The chosen title is made up of two parts, one that is real – Daesh against the world, the second part being more an aspiration than a reality, since in any case the world today is not against Daesh and the forces fighting against this organization are insufficient to defeat it permanently. In fact, the lack of a resolute and united attitude to fight Daesh was the opinion often expressed in the second day of the conference, held by the Chatham House rules.
I remind that a while ago, Turkey said that from a military perspective, Ankara is capable of destroying Daesh within maximum 48 hours (Turkey officially declared Daesh a terrorist organization on 10 October 2013). Why has it not happened yet? One of the reasons is that there is still no firm unitary international position on this issue, and Turkey cannot take a unilateral role, especially by sending troops on the territories of Syria and Iraq (even if has done it in the past).
It seems that the situation of Daesh closely resembles the situation of the Taliban in Afghanistan, but here the situation is somehow more complicated. One of these complications is the Kurdish factor, since the organizations of the Kurdish minority in Syria and Iraq are important opponents of Daesh. Aside from protecting their people from Daesh, the Kurds believe that the fight against this organization will be a good opportunity to achieve a long-sought goal – the creation of a Kurdish state. But Turkey, in the voice of President Erdogan, firmly stated repeatedly that it would not allow the creation of a Kurdish state at its borders.

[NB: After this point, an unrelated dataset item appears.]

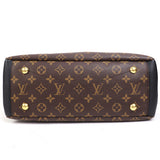 Louis Vuitton Pallas Monogram Noir Grain Calf 2way Tote Bag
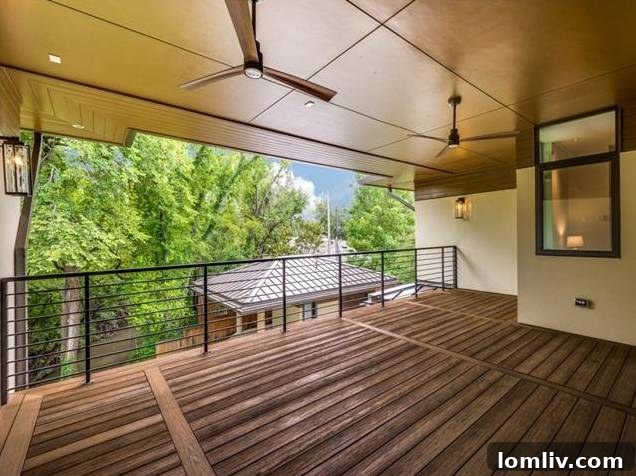 Strait Lane Architectural Plan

We also noted that for the settlement of the situation in the region, especially Syria and Iraq, Russia is often presented as a factor to be taken into account, which has real possibilities to contribute to a resolution. A collaboration between Russia and the US for this purpose would be possible and could lead to a solution, but locally it is considered that an agreement between Washington and Moscow will lead to benefits mainly for the two countries and not for the region. This is another element that emphasizes the complexity of the situation and the difficulty of finding a consensual solution. In fact, as far as the US is concerned, we noticed remarks about the American administration no longer being so interested in a greater involvement in the Middle East and anyway, any new American approach to the situation in the region would only be predictable starting from the second half of 2017.

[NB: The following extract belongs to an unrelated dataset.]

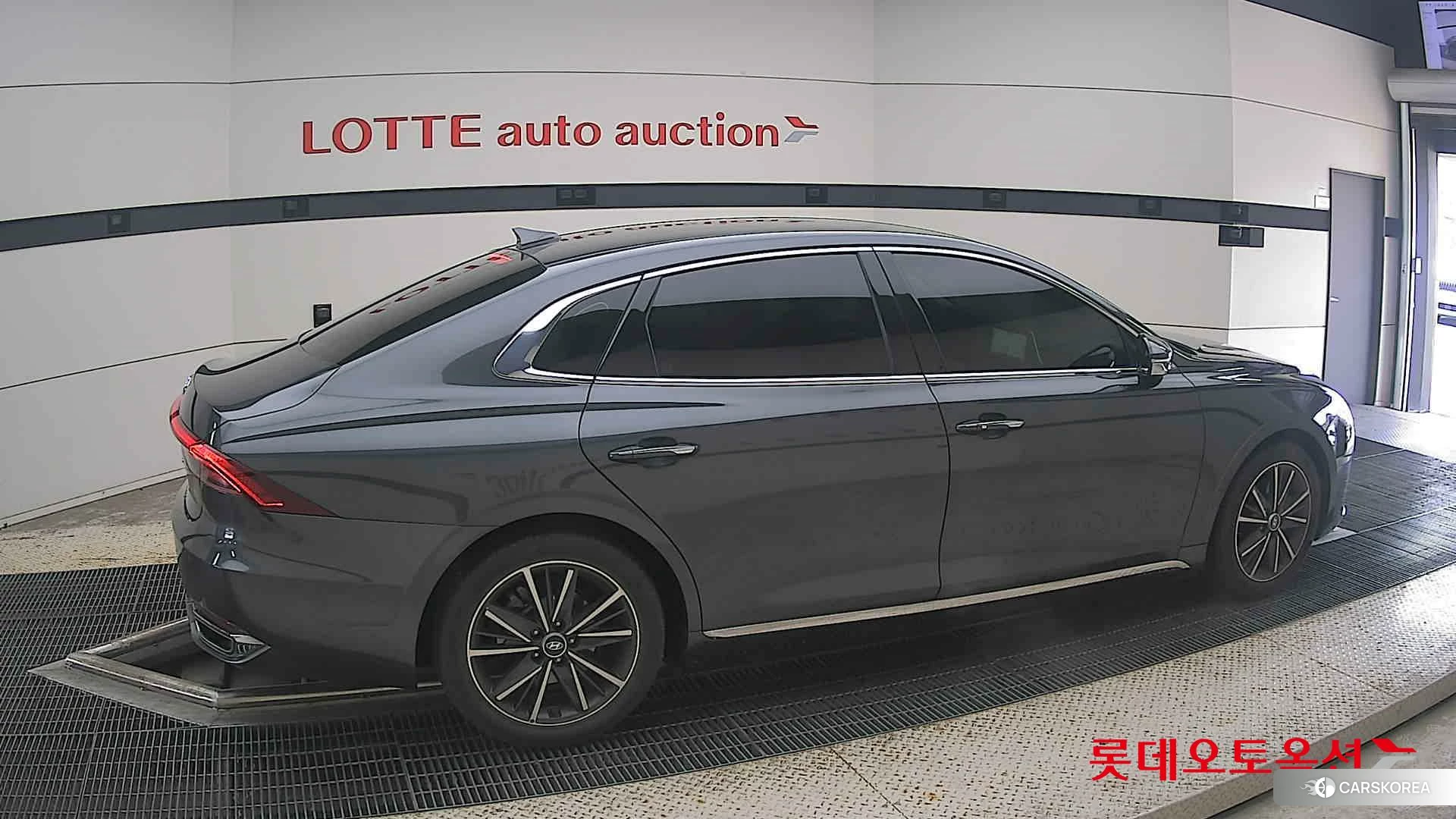 Hyundai Grandeur id 4984635 из Кореи 9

Another element was the possibility of an initiative Russia-Iran for Syria to take place within an international conference (no clarifications have been made on its composition) in Austria, which would help ending the civil war in this country, as an alternative to the Geneva talks, which have gotten, as it was predictable, in a new blockage. Meanwhile, the most recent developments indicate that Daesh has lost an important part of the territories it controlled in Syria (30-50% of the territory), the organization still demonstrating its capabilities in the two bomb attack on 10 June – (a suicide bomber and a car bomb) at Sayyida Zeinab mosque, in the outskirts south of Damascus. Although heavily guarded by the pro-government forces, this mosque was repeatedly the target of attacks.
Other developments include the presence of elements of the US special forces acting against Daesh and recently of elements of the French special forces in northern Syria, supporting the Syrian offensive of the Syrian Democratic Forces (SDF) in the Manbij (Aleppo) region. In a press statement on 10 June, the French Defense Minister Jean Yves Le Drian said that the French support consists of “deliveries of armament, air support and advice”. In our opinion, there are military forces in Syria of various strength and composition from at least five other countries.

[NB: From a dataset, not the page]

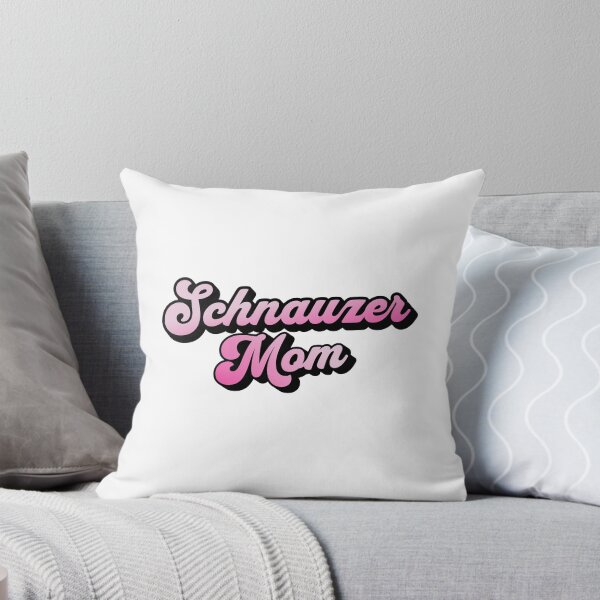 Item preview, Schnauzer Mom Retro Vintage Summer Gift designed and sold by Guarddogdrive.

There are still many issues and questions to be addressed; the merit of the conference that I attended was to bring them to light. Here are some of them: Why is there still no definition of terrorism unanimously and internationally accepted? How coherent and loyal is security, informative, economic or logistical cooperation between the countries committed in the anti-terrorist campaign, regardless of their geopolitical position and their cultural and religious identity? Why is the blockage of financing, armament and logistical funding against the extremist and radical organizations inefficient? And the series of such questions is much longer…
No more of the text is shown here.